Windows 8 specs include displays that are even sharper than Apple’s fabled Retina display, which Apple claims is as clear as the human eye is capable of seeing.
Microsoft’s newest operating system supports a 10.1-inch tablet screen with 291 pixels per inch resolution, the company says in its Building Windows 8 blog. That compares to the new iPad with 265 ppi.
But because Microsoft doesn’t build its own hardware, it doesn’t demand that tablet screens or any other screen meet a single requirement as Apple can with the iPad.
As a result, Windows 8 calls for three standard scaling percentages that ensure applications written for the operating system are functional and attractive no matter what size screen they are on, so long as they meet the minimum display specs, according to the blog, written by David Washington, a senior program manager on the Windows user-experience team.
The minimum requirement is 1024×768 to allow more than bare-bones layouts, to fall in line with most website resolutions and to fall in line with the devices that most Windows 7 users already have.
As pixel densities increase, the size of each pixel gets smaller, Washington says. If no accommodation is made for this change, objects and type sizes in applications would shrink as the screen resolution gets better. Scaling percentages ensure that as display resolution increases, the actual size of the objects remains within a usable range; type is always large enough to read and objects remain large enough to finger tap accurately, he says.

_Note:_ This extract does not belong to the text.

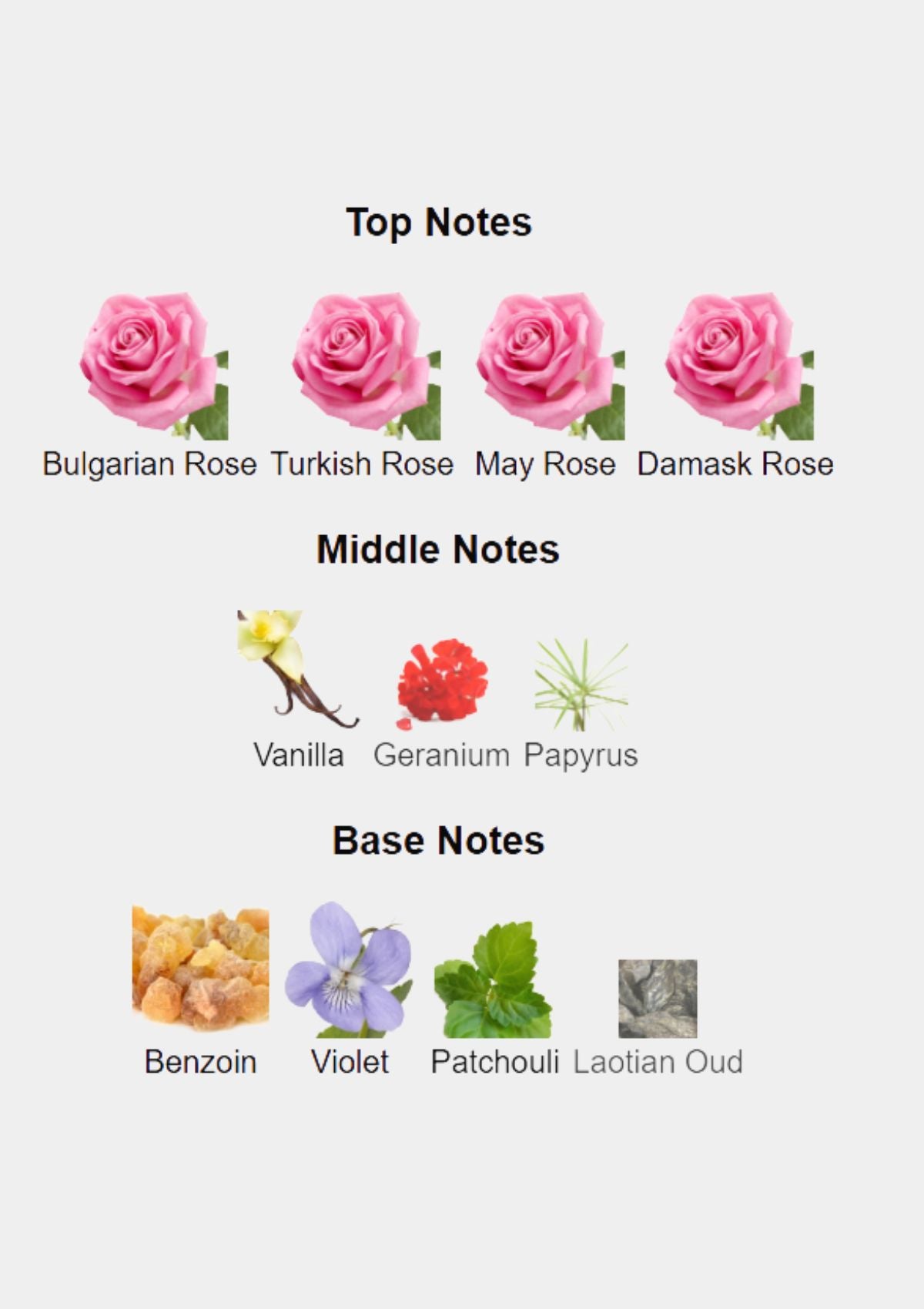 Borntostandout NSFW for Unisex EDP 50mL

Those percentages are 100 per cent, 140 per cent and 180 per cent. If developers write applications to accommodate them, the apps should look good no matter what type of device they run on so long as the devices meet Windows 8 minimum display requirements, Washington says. “Because these scaling percentages are predictable, developers who provide images for each percentage can easily avoid any blurriness or artifacts due to image stretching,” he says.
This scaling isn’t appropriate for all applications, though. ” [I]f all apps were scaled to fit, users wouldn’t be able to see more email messages on their 23″ 1920×1080 screen,” Washington writes.
He addresses iPads directly, noting that the scaling between an iPad 2 and a new iPad is 20 per cent — roughly twice the pixel density. “In the case of iPad 2 compared to new iPad the 200% scaling factor means that what you see on 1024×768 is exactly what you see on the new resolution, only sharper because more pixels are used,” he says.
Microsoft has frameworks so developers don’t have to manually code the apps to scale. Use of standard pixel units and XAML layouts, layouts will scale. Images corresponding to each scaling percentage can be stored and appropriately named so the appropriate one for the hardware will be chosen automatically. The goal is a baseline level of quality that can be achieved with little effort, Washington says.